Even I, a political junkie, will be glad when Tuesday’s results are in, the presidential campaigns stop and speeches given at rallies will no longer air on every news program. While I realize that there will still be the 100 day critiquing period of our next president, it will be a breath of fresh air to encounter actual, substantial news other than hearing of Gov. Sarah Palin’s (R-Alaska) Neiman Marcus shopping spree or watching Sen. Barack Obama’s (D-Ill.) paid “infomercial” replace prime time television. Somewhere lost in the hustle and bustle of election season though, the media overlooked President George W. Bush signing the Child Soldiers Accountability Act.

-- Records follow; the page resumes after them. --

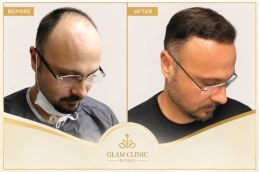 Before and After Results of Hair Transplant in Dubai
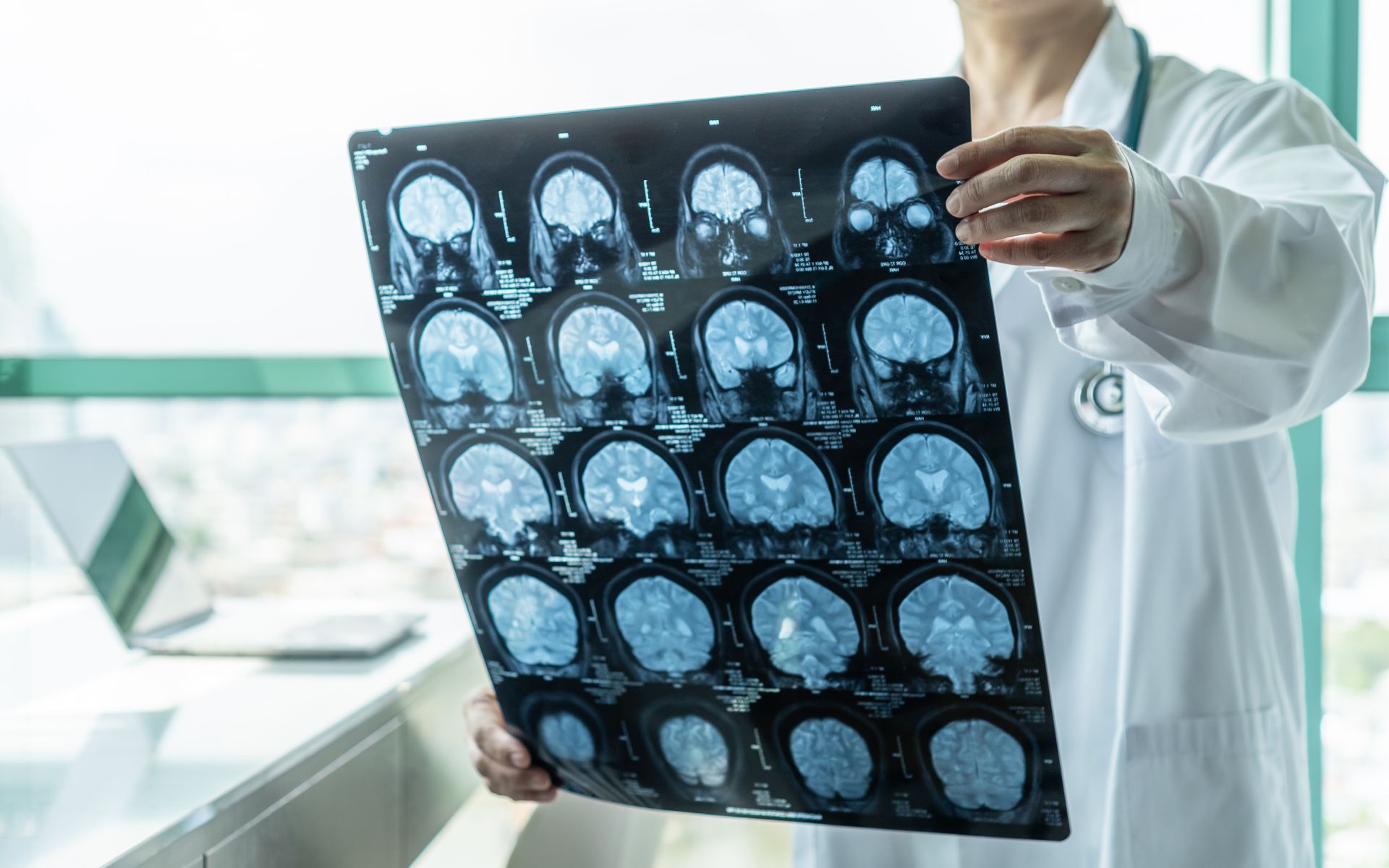 NAC and neurodegenerative diseases - what are the relationships?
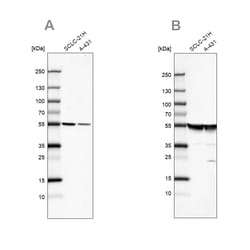 Invitrogen TUBA1A Polyclonal Antibody 100 &mu;L; Unconjugated:Antibodies,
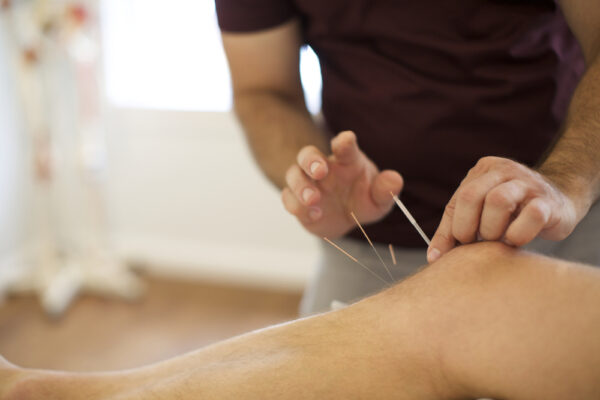 Điều trị hiệu quả suy giãn tĩnh mạch bằng châm cứu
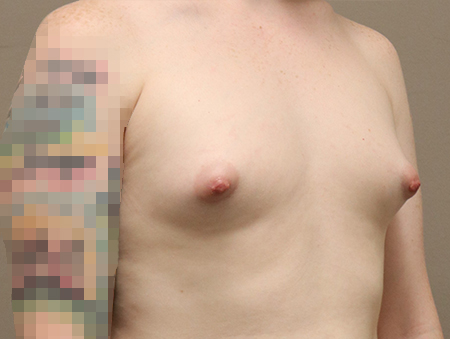 Transgender Mtf Breast Augmentation Before and After 02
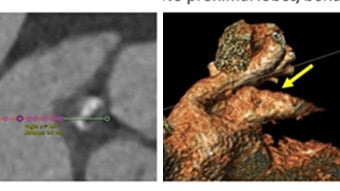 Major TAVI complication (annulus rupture, valve embolisation, incomplete frame expansion)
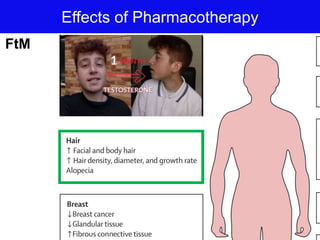 Effects of Pharmacotherapy
FtM
 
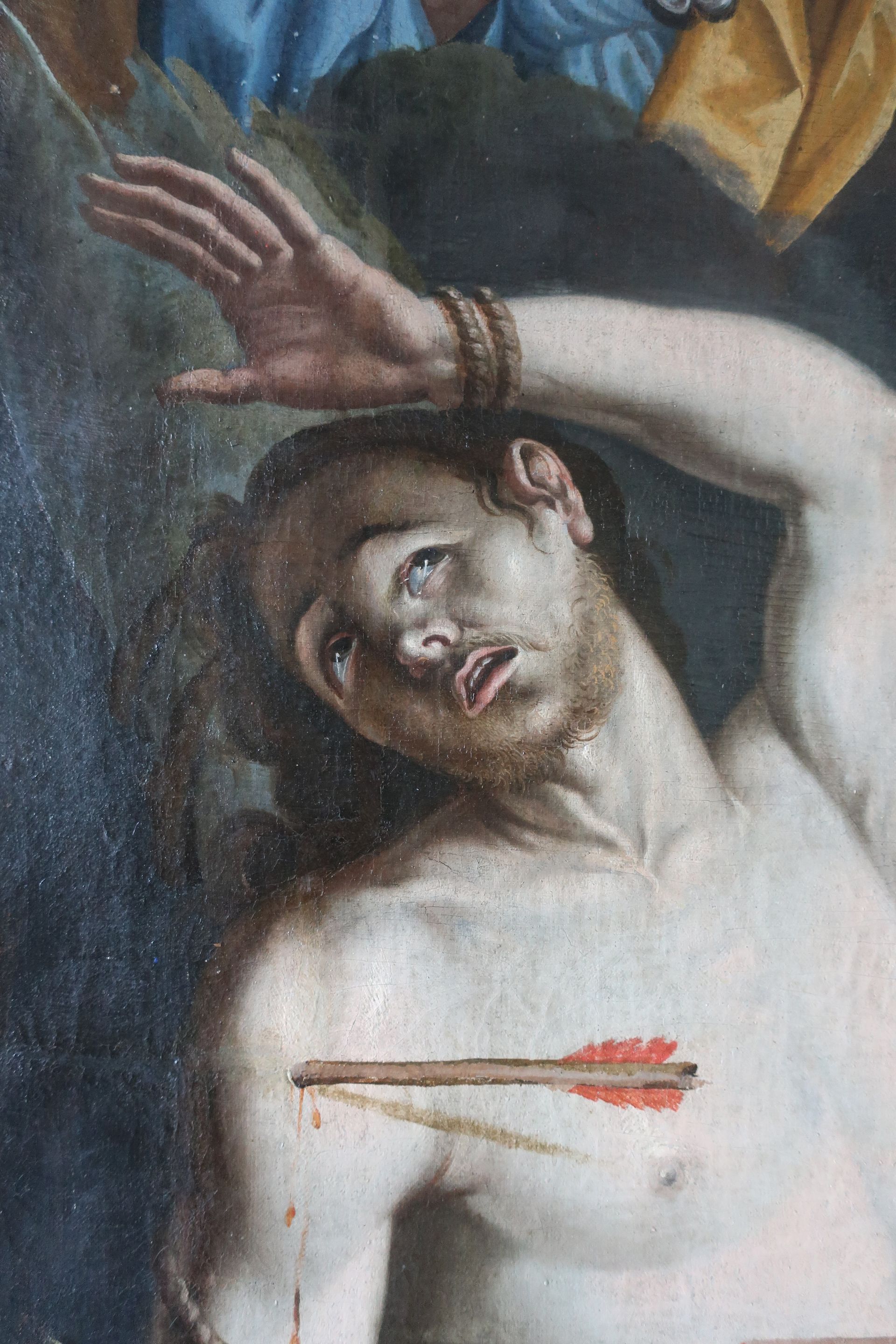 Restauration après : homme avec flèche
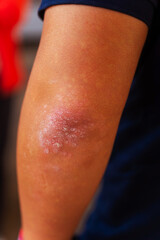 Fototapeta premium Detailed CloseUp Examination of a Skin Condition Present on an Individuals Arm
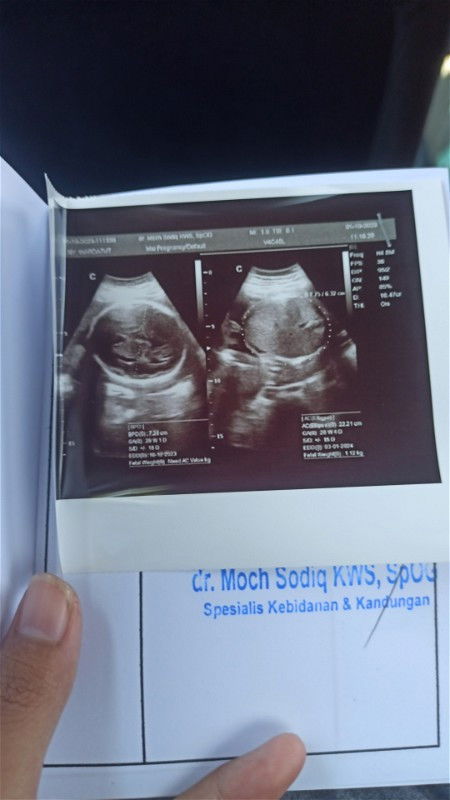 BBJ UK 28 week 1,2 kg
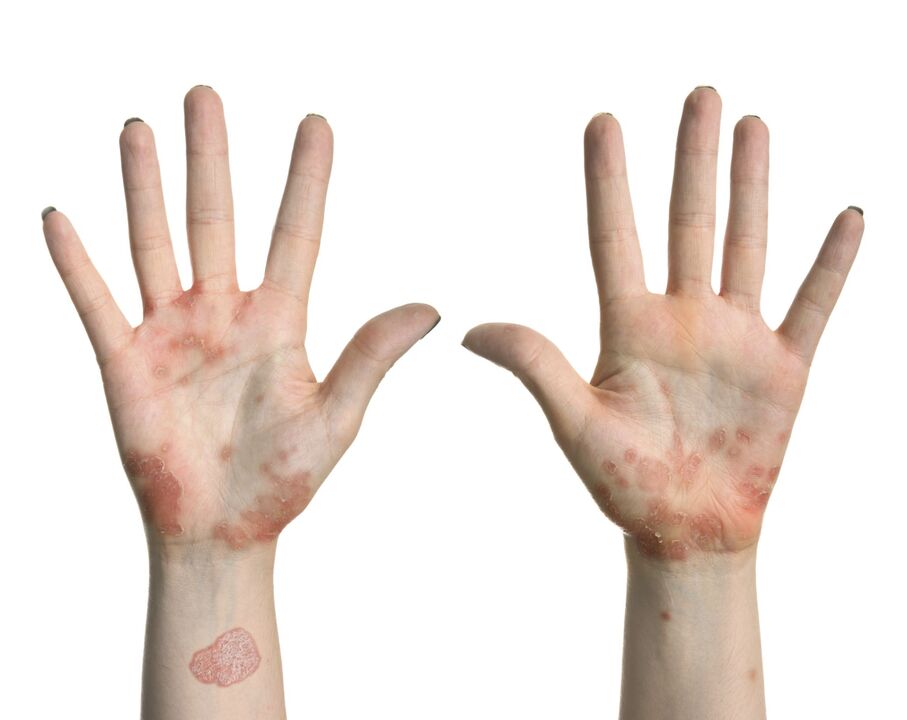 Psoriasis an den Händen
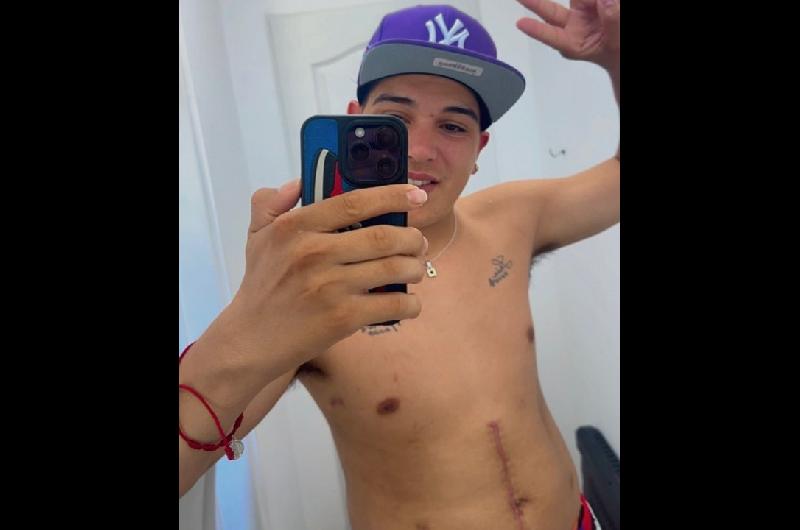 Thiago Medina mostroacute por primera vez sus cicatrices- ldquoMe va a marcar para toda la vidardquo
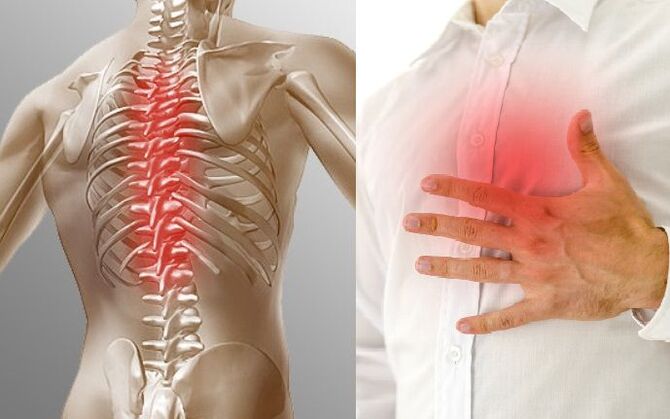 Torakalna osteohondroza i bol u prsima
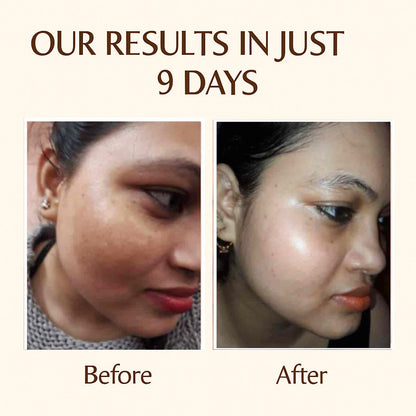 🌞🌙 Glow & Shine Ultimate Glow Combo – Face Wash + Day & Night Cream ✨🧴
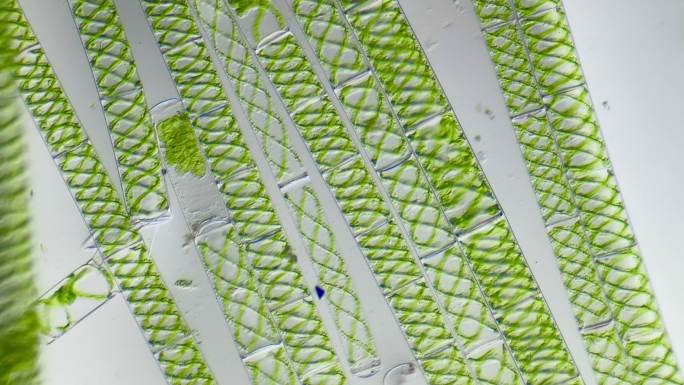 显微镜下放大100倍的藻类水绵细胞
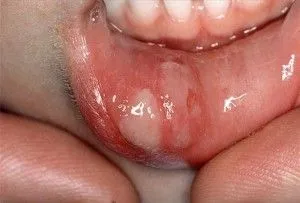 Stomatitis okoz, mitől és miért tűnik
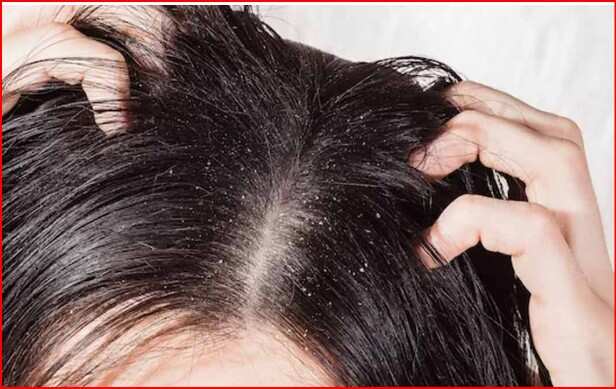 3 houses will get rid of dry scalp, the difference will be seen in a few days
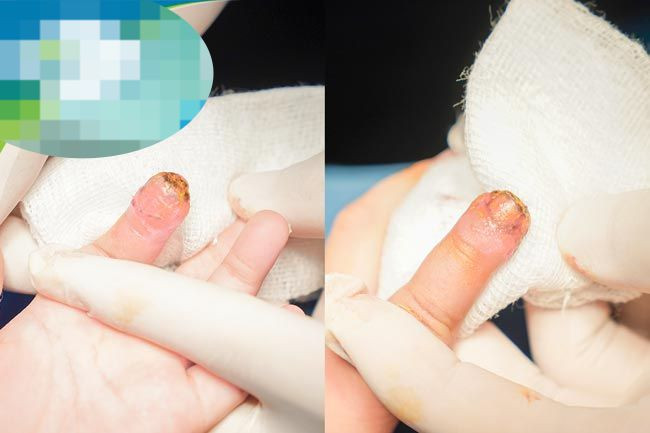 Đầu ngón tay trẻ hồng ấm, tiến triển tốt.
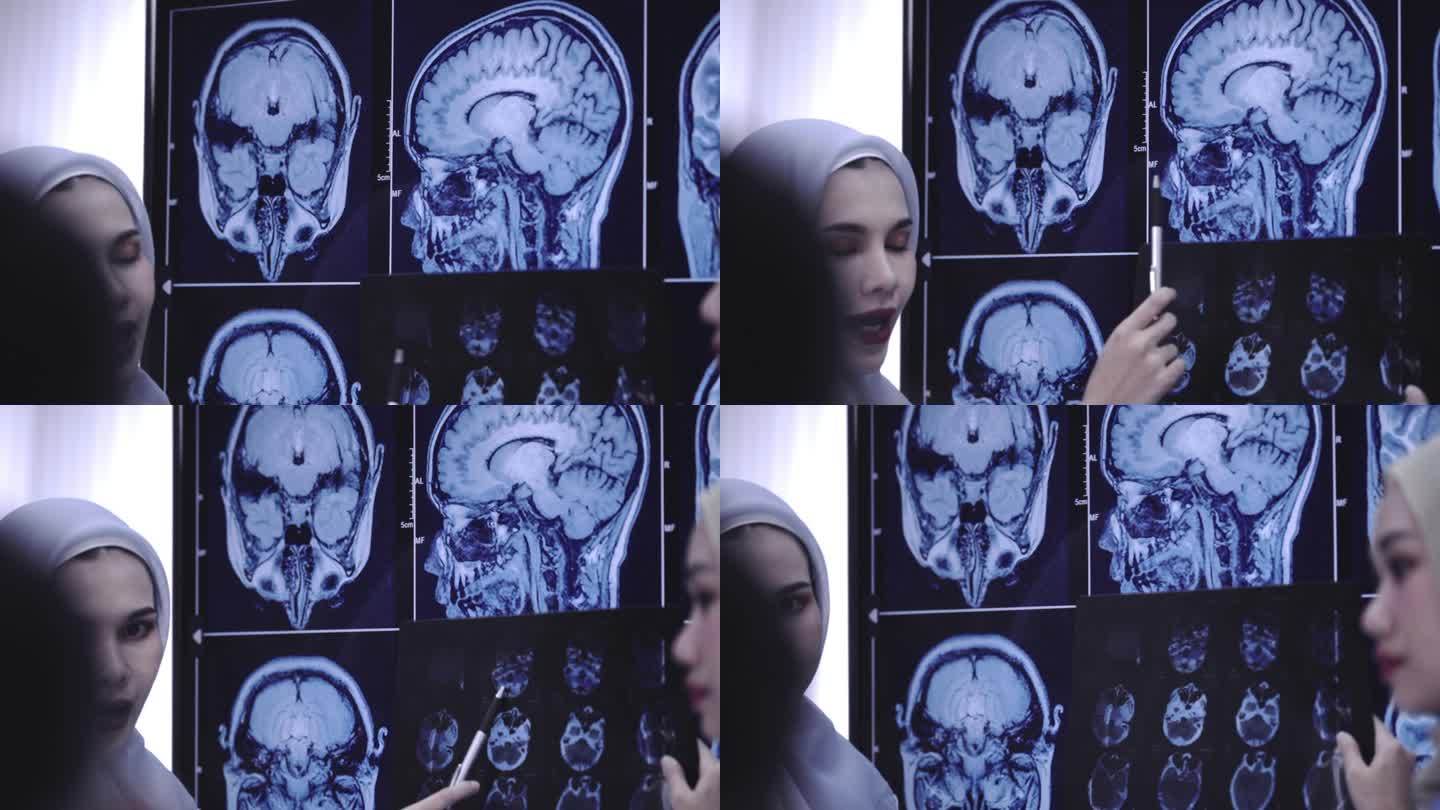 医科学生学习大脑脑部透视脑部观察观察大脑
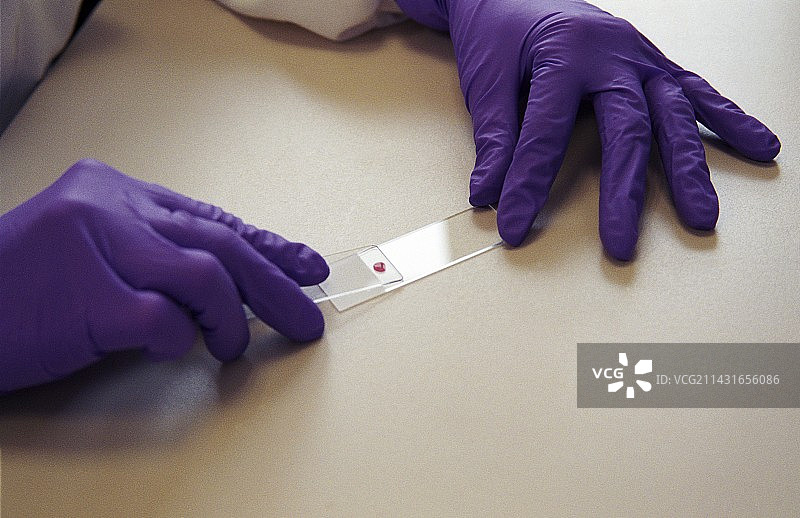 准备血涂片图片素材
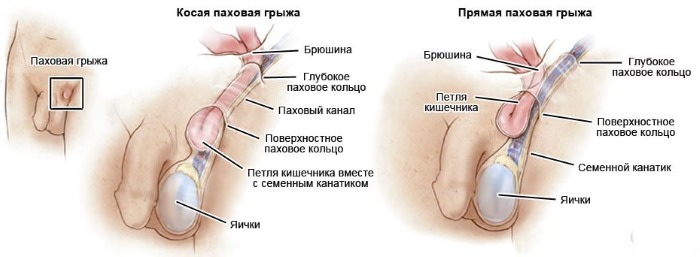 Паховая грыжа у ребенка. Фото 1, 2, 3 года, 5 лет. Лечение народными средствами, операция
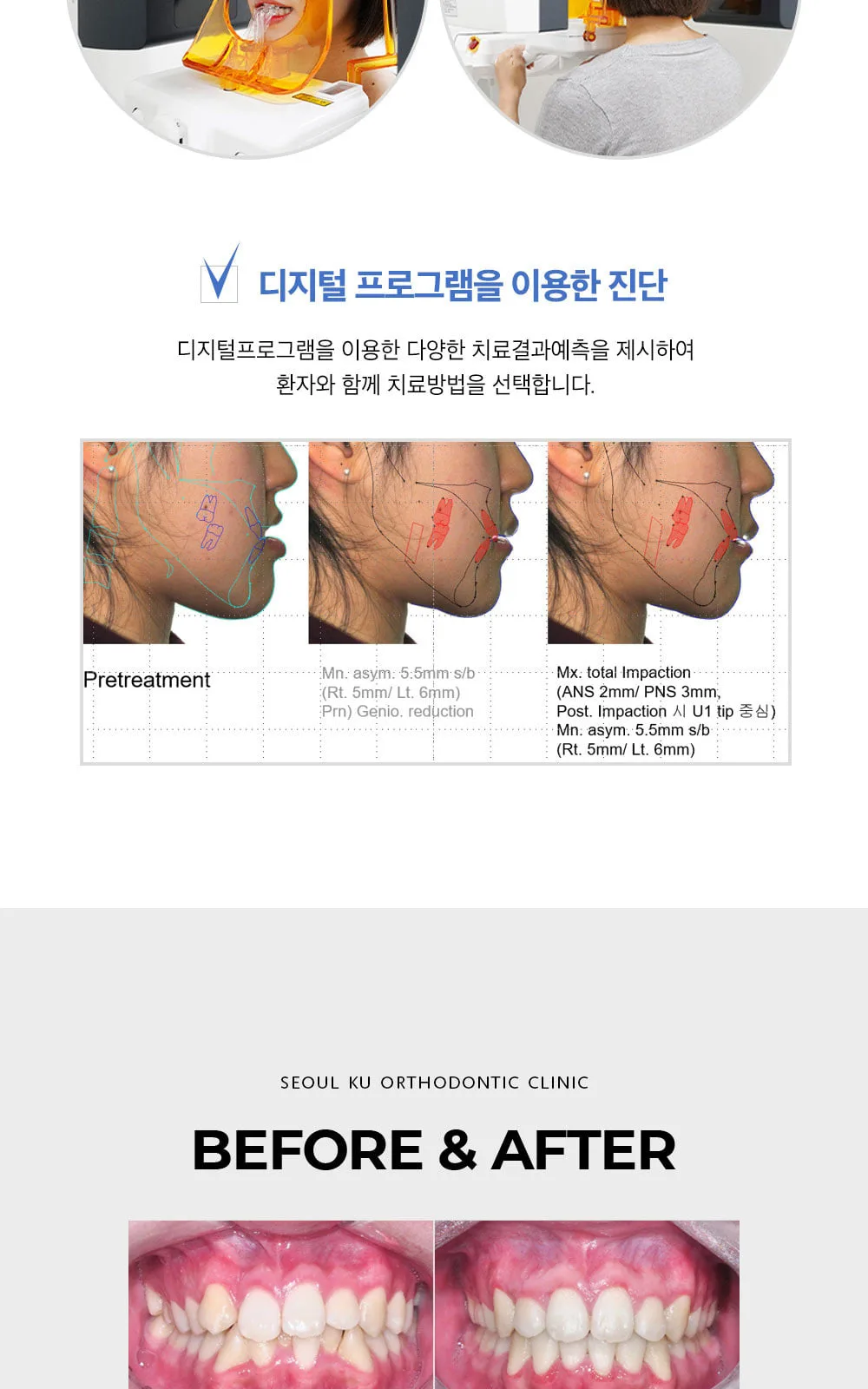 시술 상세 5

Earlier this month, the Child Soldiers Accountability Act became a new U.S. law, passing unanimously in the Senate and House of Representatives earlier in September. Under this legislation, it makes it a federal crime to knowingly recruit or use children under the age of 15 as soldiers. The United States can now also prosecute any individual on American soil for this offense, even if the children served or were recruited outside U.S. borders. Penalties range from up to 20 years or up to life in prison if found that their actions resulted in a child’s death.

By implementing this legislation, the United States can no longer act as a safe haven for war criminals who use or recruit children as soldiers. According to Human Rights Watch, the use of child soldiers is reported in more than 17 countries­ including Columbia, Uganda and the Democratic Republic of Congo-where children can easily use the proliferation of small arms and lightweight automatic weapons.

In 2005, the International Criminal Court (ICC) issued five arrest warrants for five Lord’s Resistant Army commanders in Uganda, along with other crimes, for enlisting children as soldiers. A year later, the ICC issued an arrest warrant for Thomas Lubanga, charged with conscripting children under the age of 15. In 2007, the Special Court for Sierra Leone became the first international court to issue convictions for child soldier recruitment. After years of the ICC and other international court systems prosecuting the recruitment of child soldiers, the United States has finally revived its moral conscious. The recruitment and conscription of child soldiers should be never be tolerated nor overlooked. For a country that takes pride in civil liberties and human dignity, it’s appalling to see how long it took for the United States to enact this legislation.

This law brings the United States into more compliance with international law and treaty obligations. No longer will American soil serve as a refuge for war criminals.